Additionally, when presented with a one-page CV equal in all other respects, male and female scientists alike prefer “John” to “Jennifer.” It could be that the low numbers of “Dr.” emails could reflect this. There could be a bias exhibited by male and female scientists alike. Unfortunately, the total numbers are simply too small to tell.
Edited to add: Reader @LJZigerell pointed out that I forgot the work of Williams and Ceci (and he’s right I did), which shows that, in faculty hiring specifically in Science, Technology, Engineering and Math, women get hired at higher rates than men (except in economics). These would all be candidates who had Ph.Ds and long publishing records. And that particular study has come under a lot of fire for issues of…bias. So findings of bias are not universal across all domains. This does not, of course, mean that bias doesn’t exist.
To find out who calls who “Dr.” in my field, we’d need a real experiment. We’d probably want to compare men and women with Ph.Ds in different areas of science. We’d want to vary if they had Ph.D. in their signature or not. We’d want to look at staff writers vs. freelancers and beginners vs experts.
My data is merely a retrospective. It’s not even very good data (though it helps that my original emails and signatures are extremely consistent in content and tone). It does not encompass many other aspects of my life, such as how people treat me on the phone, when people introduce me in person, etc. I only have the data from a specific set of emails over the last two years. There is no reason whatsoever to think that my overall experience is different in some way from the studies showing that women get less consideration and respect than men.
But my observation was technically wrong. And it was viral.*
I was careless. My friends and colleagues RT’d it. They identified with it. Some friends defended me against people questioning me about my experience, which may be the worst thing of all. I feel like I betrayed them in some small way. We all identified with something because it sounded like our reality. In many cases, it may well be reality.
But my observation about my emails was a mistake. And I worry that social media, right now, doesn’t allow for mistakes. People want black and white, biased or unbiased, fair or unfair, not the shades of grey that make up life experiences. I worry these days that any little mistake opens someone up to false equivalency. This tweet was incorrect, therefore women are liars. This tweet was incorrect, therefore there’s no bias against women. Women don’t lie at rates higher than men, and there is bias against women (and men are biased against believing it!). But we’re all people. We all mess up. We all talk out our butts sometimes and find out, to our shame, that we’re wrong. That the data don’t show what we thought, or, in my case, that the data don’t show much of anything at all.
I want to do something to make it right. Because I was a scientist. Scientists make corrections when they are wrong. They acknowledge when their hypotheses don’t bear out, and when the data simply isn’t strong enough to say.

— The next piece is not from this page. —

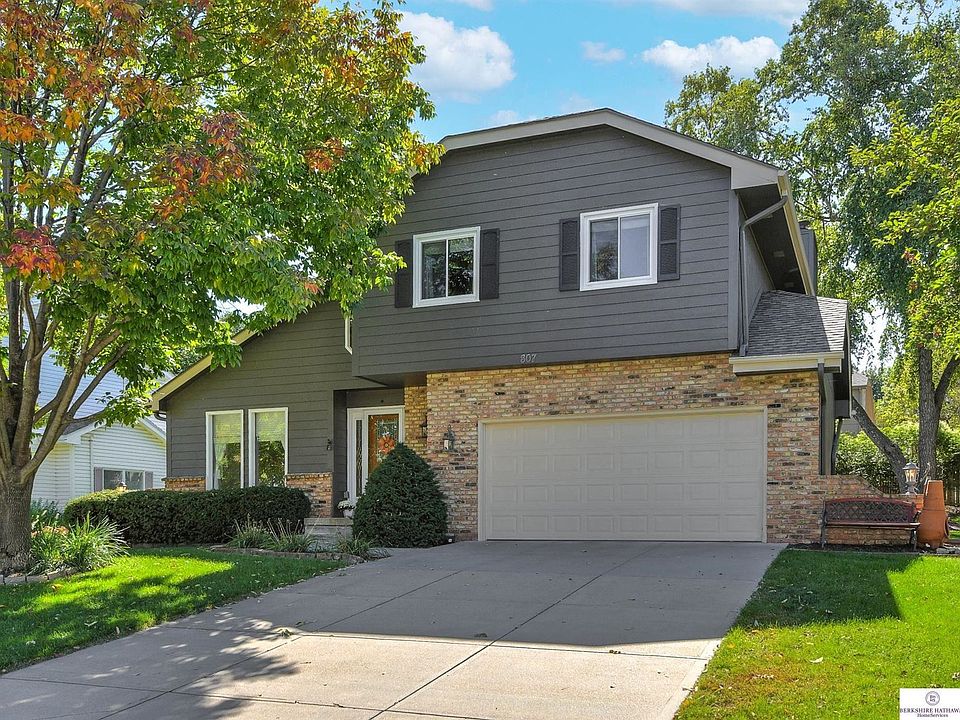 1st image of 807 Michael Dr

I am a journalist. Journalists make corrections when they make mistakes. They are accountable for what they put out into the world. I need to tell you what is true. Even if I’m embarrassed, what is true is more important than what I feel.

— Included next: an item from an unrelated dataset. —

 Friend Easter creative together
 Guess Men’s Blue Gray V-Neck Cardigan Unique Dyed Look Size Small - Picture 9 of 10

Please, if you’ve made it this far, share this. Something black and white went viral. It needs to be defeated by the reality – shades of gray.
*Virality is subjective. In my case, an average tweet generates about 2,000-4,000 impressions (the number of streams it appeared on). This one is as 211,000 impressions and counting. For me? That’s pretty viral.
Edited on 1/30 to add a note about 50/50 splits in odd n’s, and a note about the work of Williams and Ceci.